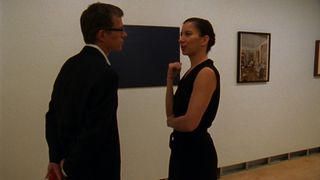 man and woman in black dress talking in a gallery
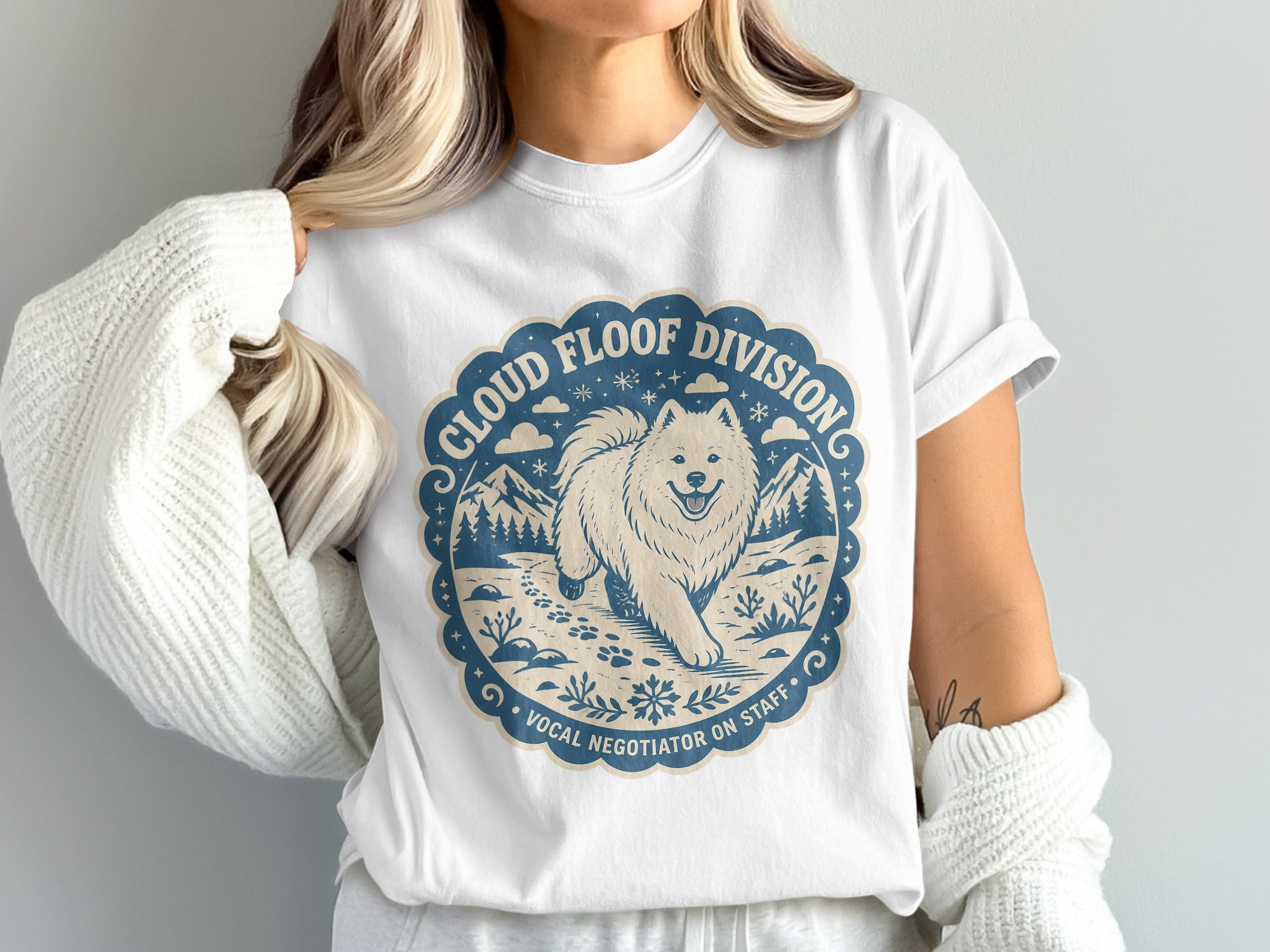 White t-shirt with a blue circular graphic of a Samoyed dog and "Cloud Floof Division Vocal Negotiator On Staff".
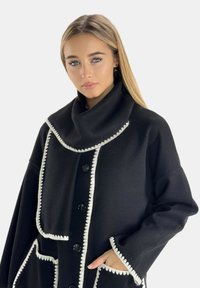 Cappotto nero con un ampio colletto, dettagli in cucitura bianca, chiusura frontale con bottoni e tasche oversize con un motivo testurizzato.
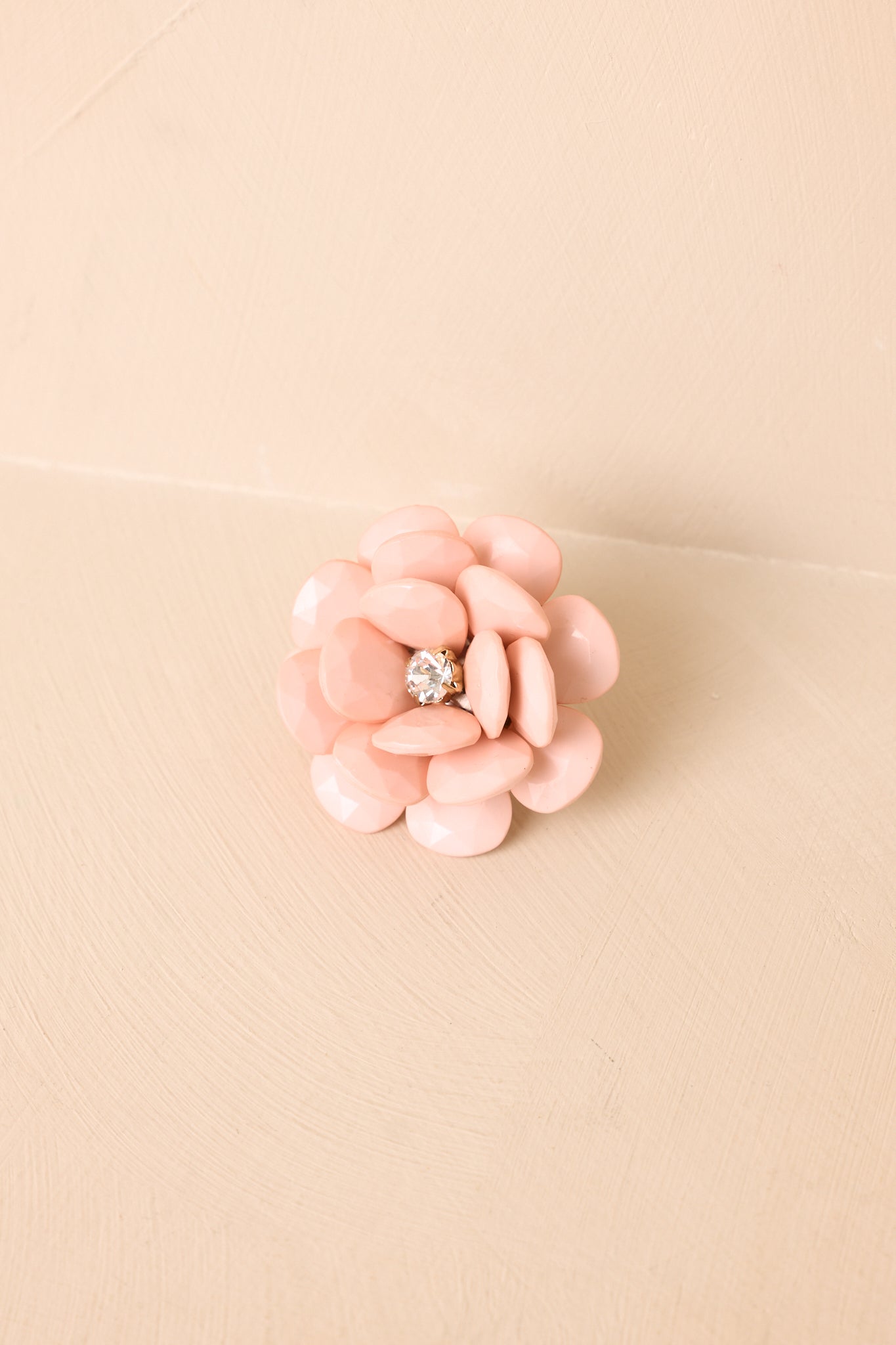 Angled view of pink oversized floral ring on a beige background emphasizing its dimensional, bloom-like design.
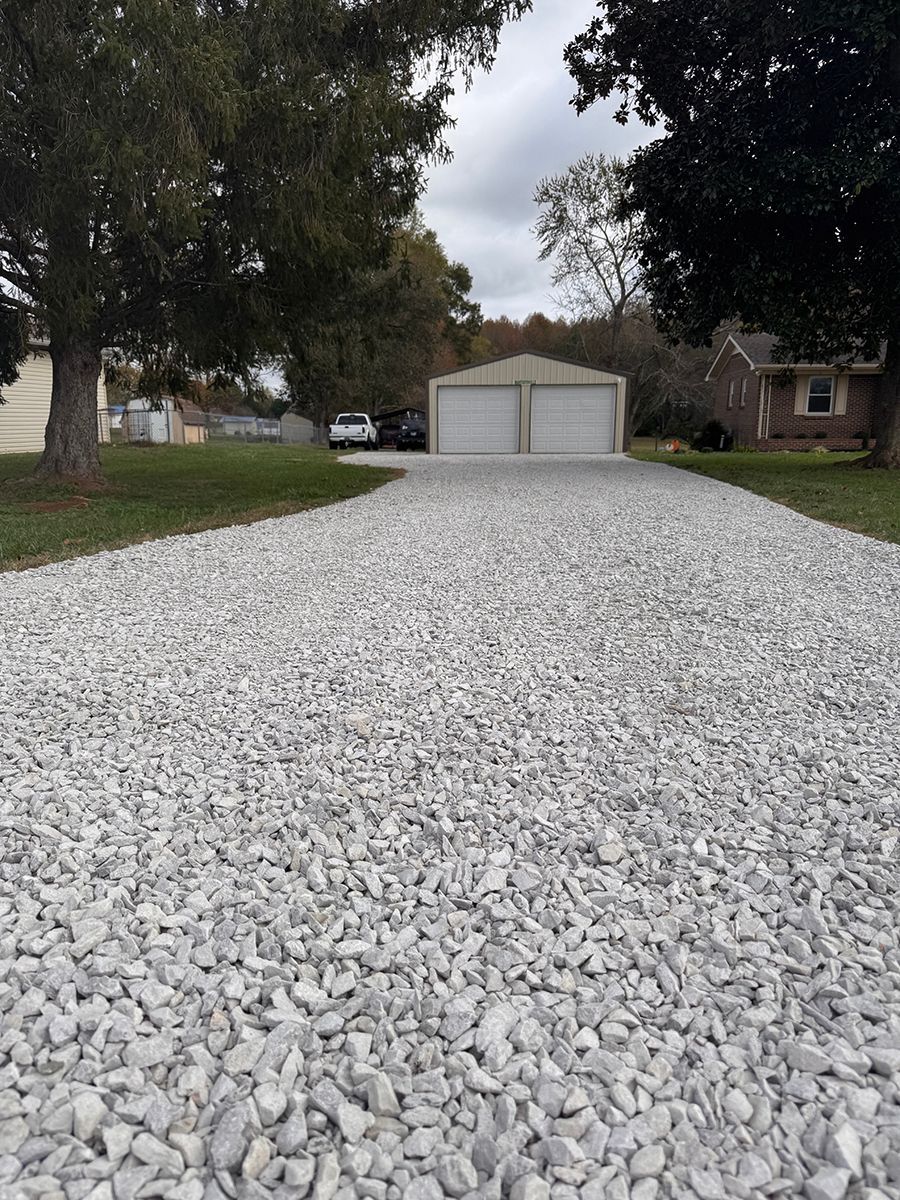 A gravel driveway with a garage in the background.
━━━
→ Assignment
Every record is to be repeated exactly, and no picture is carried over.

→ Your response
 man and woman in black dress talking in a gallery
 White t-shirt with a blue circular graphic of a Samoyed dog and "Cloud Floof Division Vocal Negotiator On Staff".
 Cappotto nero con un ampio colletto, dettagli in cucitura bianca, chiusura frontale con bottoni e tasche oversize con un motivo testurizzato.
 Angled view of pink oversized floral ring on a beige background emphasizing its dimensional, bloom-like design.
 A gravel driveway with a garage in the background.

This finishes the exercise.